** Source data follows **
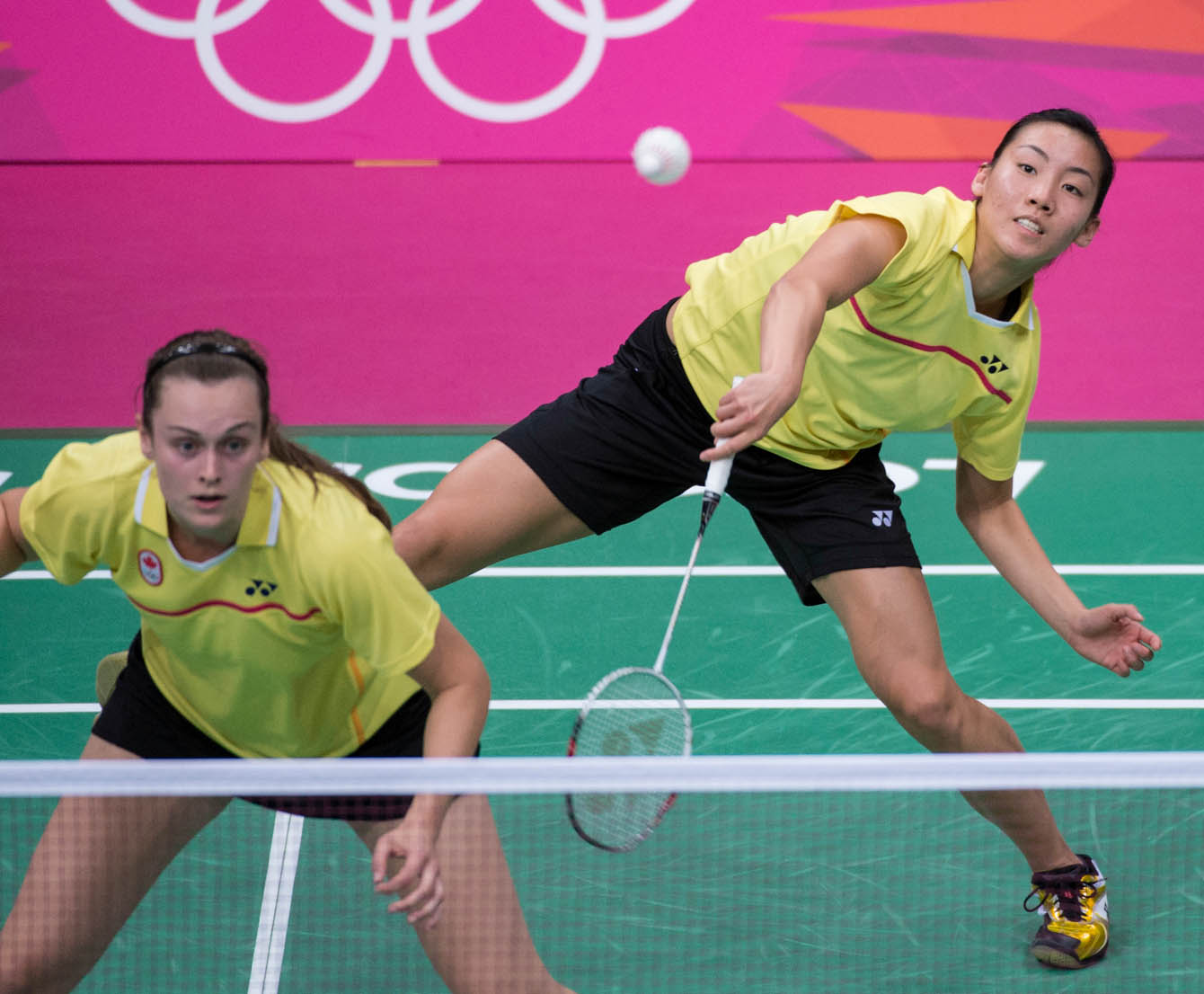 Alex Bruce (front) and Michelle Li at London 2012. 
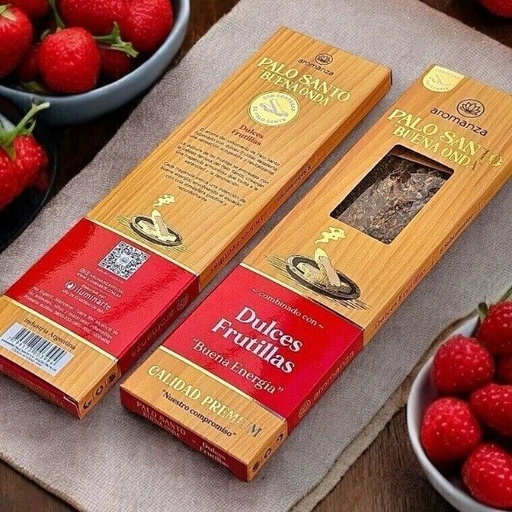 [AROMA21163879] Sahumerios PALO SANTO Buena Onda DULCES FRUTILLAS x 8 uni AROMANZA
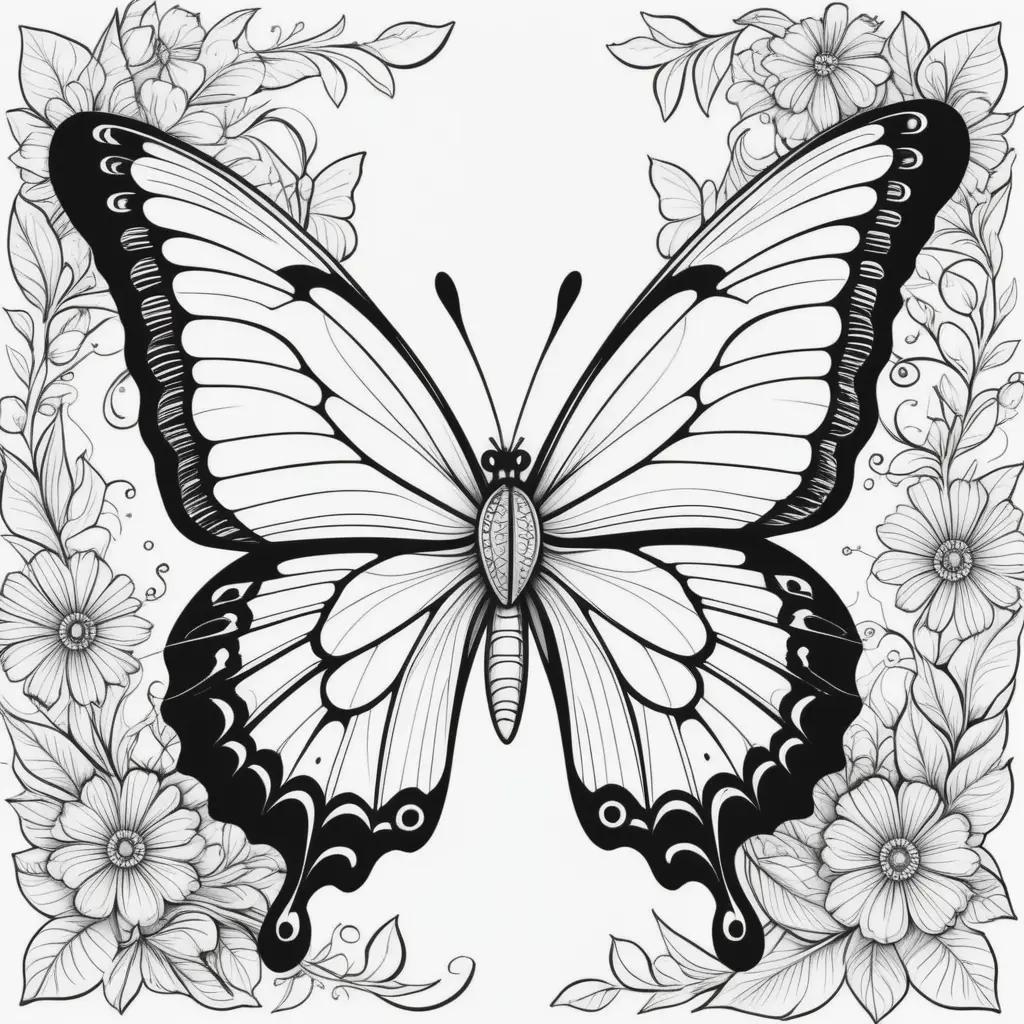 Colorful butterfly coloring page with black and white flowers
** End of Source data **
Could you reproduce the data above exactly, without its pictures?

=== Problem solution ===
 Alex Bruce (front) and Michelle Li at London 2012. 
 [AROMA21163879] Sahumerios PALO SANTO Buena Onda DULCES FRUTILLAS x 8 uni AROMANZA
 Colorful butterfly coloring page with black and white flowers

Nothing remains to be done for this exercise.